Earlier this week I had the pleasure of talking and meeting with the good people of Grow Sheffield - many thanks for the lovely emails afterwards you were very kind, I am pleased that you found it useful and keep up the inspiring work!
Speaking of speaking...I was very pleased to find the following from friends in Bath...
Guerrilla Gardeners of Bath – A Call to Spades
— filed under: Community group
A small brigade of guerrilla gardeners has begun work on a patch of abandoned land in a central residential area of Bath. They have cleared the site of dense brambles and have planted fruit trees and bushes with the aim of turning it into a community garden.
Guerrilla gardeners clearing a plot of abandoned land in Bath. Photograph by Liza Sweeting
“It is not our patch,” explains Virginia Williamson who amongst other things, is secretary of the allotments association. “The idea is to find little plots all over Bath that people can grow food on”. The guerrillas hope that this could be the start of a local grassroots food growing revolution.
The Incredible Edible Scheme - Todmorden
The Bath guerrillas were inspired to take action after hearing a talk last year about the ‘Incredible Edible’ scheme set up by guerrilla gardeners in Todmorden, West Yorkshire where, to date, six gardens have been created on patches of public land. Anyone can plant fruit, vegetables or herbs and all are welcome to the harvest. Local activists are aiming to make their town self-sufficient in staples so that within ten years their community will be producing and buying their own fruit, vegetables, meat and dairy.
What is guerrilla gardening?
The term ‘guerrilla gardening’ has been coined in recent times to describe a wide range of usually illicit gardening activities that can be as genteel as planting a cowslip on a neglected verge or as extreme as squatting a plot of abandoned land and growing crops and plants. All around Britain, frustrated urban gardeners are digging up roundabouts, growing food in unused flower beds and office workers are throwing ‘seed bombs’ out of train windows to brighten their daily commute.
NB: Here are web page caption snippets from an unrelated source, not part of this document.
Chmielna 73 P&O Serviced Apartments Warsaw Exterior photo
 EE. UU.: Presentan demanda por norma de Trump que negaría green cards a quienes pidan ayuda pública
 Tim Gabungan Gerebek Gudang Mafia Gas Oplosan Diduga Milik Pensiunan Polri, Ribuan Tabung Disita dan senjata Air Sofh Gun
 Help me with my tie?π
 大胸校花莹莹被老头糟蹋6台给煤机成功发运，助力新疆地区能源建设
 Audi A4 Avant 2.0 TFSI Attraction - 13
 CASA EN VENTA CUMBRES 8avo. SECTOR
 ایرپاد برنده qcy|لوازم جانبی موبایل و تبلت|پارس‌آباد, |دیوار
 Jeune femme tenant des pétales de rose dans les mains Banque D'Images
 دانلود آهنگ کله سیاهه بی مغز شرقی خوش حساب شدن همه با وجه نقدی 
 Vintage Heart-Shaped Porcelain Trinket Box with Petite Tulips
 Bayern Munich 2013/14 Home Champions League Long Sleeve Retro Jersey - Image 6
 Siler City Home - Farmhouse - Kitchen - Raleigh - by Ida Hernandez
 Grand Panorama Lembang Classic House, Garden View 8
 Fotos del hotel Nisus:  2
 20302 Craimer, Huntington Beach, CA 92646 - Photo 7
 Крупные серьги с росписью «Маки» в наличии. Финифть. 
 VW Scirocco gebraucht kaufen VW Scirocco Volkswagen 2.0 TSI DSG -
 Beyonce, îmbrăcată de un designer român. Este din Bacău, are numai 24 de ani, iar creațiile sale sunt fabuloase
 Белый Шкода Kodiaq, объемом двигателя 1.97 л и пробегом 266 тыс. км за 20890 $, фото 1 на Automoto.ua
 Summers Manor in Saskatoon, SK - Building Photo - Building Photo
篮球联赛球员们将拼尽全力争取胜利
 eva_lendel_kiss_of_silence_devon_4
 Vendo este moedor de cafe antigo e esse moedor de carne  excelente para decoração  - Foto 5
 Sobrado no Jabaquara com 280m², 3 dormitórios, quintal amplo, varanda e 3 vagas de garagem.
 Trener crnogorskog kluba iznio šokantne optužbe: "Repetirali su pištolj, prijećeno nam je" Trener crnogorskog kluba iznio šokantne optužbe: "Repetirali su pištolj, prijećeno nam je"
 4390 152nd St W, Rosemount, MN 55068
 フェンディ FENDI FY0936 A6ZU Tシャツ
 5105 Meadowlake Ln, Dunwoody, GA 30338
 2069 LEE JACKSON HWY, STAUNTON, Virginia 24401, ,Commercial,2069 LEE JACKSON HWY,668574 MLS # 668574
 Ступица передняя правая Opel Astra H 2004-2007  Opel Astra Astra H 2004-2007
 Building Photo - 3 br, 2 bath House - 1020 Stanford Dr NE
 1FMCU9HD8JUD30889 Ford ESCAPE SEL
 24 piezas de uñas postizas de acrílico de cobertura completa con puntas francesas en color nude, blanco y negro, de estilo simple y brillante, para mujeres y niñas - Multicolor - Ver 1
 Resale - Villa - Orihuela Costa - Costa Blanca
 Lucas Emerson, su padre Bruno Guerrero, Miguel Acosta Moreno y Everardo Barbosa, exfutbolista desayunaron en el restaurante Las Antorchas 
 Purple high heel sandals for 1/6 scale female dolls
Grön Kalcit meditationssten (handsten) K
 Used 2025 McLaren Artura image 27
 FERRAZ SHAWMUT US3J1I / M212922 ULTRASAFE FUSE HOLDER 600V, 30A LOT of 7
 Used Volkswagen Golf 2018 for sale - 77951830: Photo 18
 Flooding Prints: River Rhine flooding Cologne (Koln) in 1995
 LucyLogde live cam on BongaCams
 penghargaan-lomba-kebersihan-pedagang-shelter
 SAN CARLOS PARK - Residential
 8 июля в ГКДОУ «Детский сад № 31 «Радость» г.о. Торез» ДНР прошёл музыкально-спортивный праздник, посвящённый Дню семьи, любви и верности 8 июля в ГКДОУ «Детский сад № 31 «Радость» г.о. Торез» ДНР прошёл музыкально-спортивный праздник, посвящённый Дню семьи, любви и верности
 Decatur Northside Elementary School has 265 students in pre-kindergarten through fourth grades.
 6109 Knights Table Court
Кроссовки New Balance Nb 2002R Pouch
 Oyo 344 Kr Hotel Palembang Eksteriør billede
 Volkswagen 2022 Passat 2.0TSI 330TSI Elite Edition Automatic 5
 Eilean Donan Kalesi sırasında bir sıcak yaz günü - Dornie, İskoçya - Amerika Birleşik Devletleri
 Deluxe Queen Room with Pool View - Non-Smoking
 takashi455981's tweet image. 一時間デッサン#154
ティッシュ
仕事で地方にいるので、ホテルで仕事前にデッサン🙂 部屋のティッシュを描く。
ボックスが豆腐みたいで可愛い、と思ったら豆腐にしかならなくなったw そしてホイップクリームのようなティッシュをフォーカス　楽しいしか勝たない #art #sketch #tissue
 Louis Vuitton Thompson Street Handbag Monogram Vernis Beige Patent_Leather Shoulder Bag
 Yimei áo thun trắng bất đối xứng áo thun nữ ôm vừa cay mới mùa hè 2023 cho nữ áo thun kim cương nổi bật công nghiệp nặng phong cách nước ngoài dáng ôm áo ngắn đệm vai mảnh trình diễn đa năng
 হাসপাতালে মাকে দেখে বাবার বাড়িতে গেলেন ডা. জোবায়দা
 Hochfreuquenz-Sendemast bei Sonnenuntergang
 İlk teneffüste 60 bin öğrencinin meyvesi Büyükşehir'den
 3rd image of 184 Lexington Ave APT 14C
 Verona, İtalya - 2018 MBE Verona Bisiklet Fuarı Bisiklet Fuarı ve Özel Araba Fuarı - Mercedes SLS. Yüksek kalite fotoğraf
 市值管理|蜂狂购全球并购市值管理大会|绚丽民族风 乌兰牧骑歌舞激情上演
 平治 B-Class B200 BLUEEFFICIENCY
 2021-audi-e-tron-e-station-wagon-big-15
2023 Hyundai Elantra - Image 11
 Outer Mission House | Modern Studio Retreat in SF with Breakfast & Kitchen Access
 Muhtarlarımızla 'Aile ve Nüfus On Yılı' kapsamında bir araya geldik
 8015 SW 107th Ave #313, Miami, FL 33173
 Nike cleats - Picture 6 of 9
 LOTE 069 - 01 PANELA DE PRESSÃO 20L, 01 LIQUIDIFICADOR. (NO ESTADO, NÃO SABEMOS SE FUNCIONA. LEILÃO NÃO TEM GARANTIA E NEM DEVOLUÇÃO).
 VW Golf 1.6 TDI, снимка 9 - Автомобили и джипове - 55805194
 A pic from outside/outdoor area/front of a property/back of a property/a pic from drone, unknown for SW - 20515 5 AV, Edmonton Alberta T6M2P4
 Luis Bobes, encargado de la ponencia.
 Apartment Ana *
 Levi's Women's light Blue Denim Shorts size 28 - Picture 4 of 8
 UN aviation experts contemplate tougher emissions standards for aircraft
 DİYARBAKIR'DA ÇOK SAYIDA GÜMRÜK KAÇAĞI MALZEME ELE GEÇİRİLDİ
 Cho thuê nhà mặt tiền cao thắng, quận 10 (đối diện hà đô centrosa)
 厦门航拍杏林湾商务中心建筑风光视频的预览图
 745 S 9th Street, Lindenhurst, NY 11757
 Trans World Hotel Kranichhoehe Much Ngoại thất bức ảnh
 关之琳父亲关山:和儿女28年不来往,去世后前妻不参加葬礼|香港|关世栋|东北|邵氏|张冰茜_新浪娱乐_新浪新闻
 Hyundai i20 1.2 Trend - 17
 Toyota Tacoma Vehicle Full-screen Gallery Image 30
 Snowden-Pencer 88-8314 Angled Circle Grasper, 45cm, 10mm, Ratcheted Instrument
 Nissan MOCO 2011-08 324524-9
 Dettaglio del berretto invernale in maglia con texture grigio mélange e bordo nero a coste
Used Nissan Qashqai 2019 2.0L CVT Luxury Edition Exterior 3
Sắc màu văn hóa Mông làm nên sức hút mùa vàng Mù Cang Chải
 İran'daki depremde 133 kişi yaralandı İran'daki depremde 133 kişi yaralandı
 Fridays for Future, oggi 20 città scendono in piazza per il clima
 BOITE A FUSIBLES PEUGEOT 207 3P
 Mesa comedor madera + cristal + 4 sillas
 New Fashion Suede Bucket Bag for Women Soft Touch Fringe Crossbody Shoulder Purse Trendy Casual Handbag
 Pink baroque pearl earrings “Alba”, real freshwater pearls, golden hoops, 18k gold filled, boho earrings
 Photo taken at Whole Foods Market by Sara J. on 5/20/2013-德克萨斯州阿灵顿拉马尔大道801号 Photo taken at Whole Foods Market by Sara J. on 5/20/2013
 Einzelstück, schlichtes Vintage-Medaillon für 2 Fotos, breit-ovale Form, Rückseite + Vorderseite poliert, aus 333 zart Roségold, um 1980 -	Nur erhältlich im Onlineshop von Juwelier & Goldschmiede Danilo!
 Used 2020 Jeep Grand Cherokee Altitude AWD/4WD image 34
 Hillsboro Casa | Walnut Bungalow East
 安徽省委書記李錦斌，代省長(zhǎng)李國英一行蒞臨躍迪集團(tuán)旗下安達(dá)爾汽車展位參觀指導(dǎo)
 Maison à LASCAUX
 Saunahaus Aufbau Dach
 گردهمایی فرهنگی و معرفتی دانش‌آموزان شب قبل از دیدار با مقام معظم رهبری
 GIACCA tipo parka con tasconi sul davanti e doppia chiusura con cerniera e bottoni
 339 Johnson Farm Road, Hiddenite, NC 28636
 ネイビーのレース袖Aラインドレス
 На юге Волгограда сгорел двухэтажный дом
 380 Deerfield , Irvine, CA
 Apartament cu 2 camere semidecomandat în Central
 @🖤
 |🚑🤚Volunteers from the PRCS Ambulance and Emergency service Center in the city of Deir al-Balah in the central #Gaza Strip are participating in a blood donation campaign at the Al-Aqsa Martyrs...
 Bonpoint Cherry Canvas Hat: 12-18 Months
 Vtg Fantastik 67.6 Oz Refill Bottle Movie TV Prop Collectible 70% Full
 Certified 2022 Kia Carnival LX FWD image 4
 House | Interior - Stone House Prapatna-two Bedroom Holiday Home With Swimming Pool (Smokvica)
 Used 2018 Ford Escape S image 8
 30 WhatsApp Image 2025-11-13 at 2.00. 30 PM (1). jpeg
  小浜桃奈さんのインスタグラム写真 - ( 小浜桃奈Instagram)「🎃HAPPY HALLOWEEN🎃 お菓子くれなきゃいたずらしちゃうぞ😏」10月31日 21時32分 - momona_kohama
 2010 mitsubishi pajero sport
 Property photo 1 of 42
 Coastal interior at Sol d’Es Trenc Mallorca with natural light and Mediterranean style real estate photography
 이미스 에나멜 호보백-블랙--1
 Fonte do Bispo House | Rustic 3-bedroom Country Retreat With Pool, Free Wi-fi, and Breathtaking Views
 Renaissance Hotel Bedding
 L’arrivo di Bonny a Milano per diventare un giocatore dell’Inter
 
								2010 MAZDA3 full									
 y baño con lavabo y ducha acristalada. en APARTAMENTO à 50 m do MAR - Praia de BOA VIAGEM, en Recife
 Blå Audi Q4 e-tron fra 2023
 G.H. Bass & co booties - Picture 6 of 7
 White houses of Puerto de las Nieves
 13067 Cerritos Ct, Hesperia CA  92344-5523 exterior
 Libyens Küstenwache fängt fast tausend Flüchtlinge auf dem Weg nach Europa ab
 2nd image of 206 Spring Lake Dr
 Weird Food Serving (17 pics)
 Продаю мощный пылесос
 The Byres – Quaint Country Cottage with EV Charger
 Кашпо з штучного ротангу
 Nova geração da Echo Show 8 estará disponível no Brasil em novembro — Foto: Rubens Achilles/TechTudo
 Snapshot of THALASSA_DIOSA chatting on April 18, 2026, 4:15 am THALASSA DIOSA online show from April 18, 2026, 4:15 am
The term ‘guerrilla’ conjures up images of heavily armed, beret clad combatants fighting bloody battles to bring down capitalist regimes. The archetypal guerrilla was Che Guevara whose fight was about changing society and about access to land. Less well known, but of immense historical relevance were the Diggers. They could be described as a group of guerrilla gardeners who illegally grew food on common land in response to rising food prices and lack of available land back in 17th century Britain.
For some guerrilla gardeners, their exploits are indeed a form of direct action related to land rights. In fact, Richard Reynolds, author of ‘On Guerrilla Gardening’ and unofficial leader of a growing movement in London, sees it as: “reclaiming land from enemy forces - a battle for resources against scarcity of land, environmental abuse and wasted opportunities”, and as “a fight for freedom of expression and for community cohesion”. As he points out, around 90% of Britons “are squeezed into dense urban areas,” which he feels is both inequitable and unjustifiable.
Guerrilla gardening and local authorities
Unlike Che Guevara, the majority of guerrilla gardeners are not trying to bring down the state but are just expressing frustration with a cumbersome bureaucracy. Although what is interesting is that the exploits of the less extreme are often met with approval from the local authorities.
Growing waiting lists for allotments
Guerrilla gardening, to date, seems to be concentrated in urban areas and is often a response to the lack of available land for residents to grow local food. In Bath, although there are 1047 existing allotment plots, there are 570 people on the waiting list. The council have responded to this demand by halving the existing available plots and are actively looking for other sites to create new allotments. In the meantime, all are welcome to take up spades and trowels and join the guerrilla’s fight to grow food.
The bigger picture
The word ‘guerrilla’ in Spanish means ‘little war’ – one in which combatants make sporadic attacks rather than fighting in large armies. Perhaps the small scale ‘attacks’ undertaken by guerrilla gardeners like those in Bath can have an important role in raising awareness of the issues of land ownership and the right to grow local organic food while the bigger issues of national and international monopolies of agri-business and rural land ownership remain beyond the locus of control or awareness of the man in the street.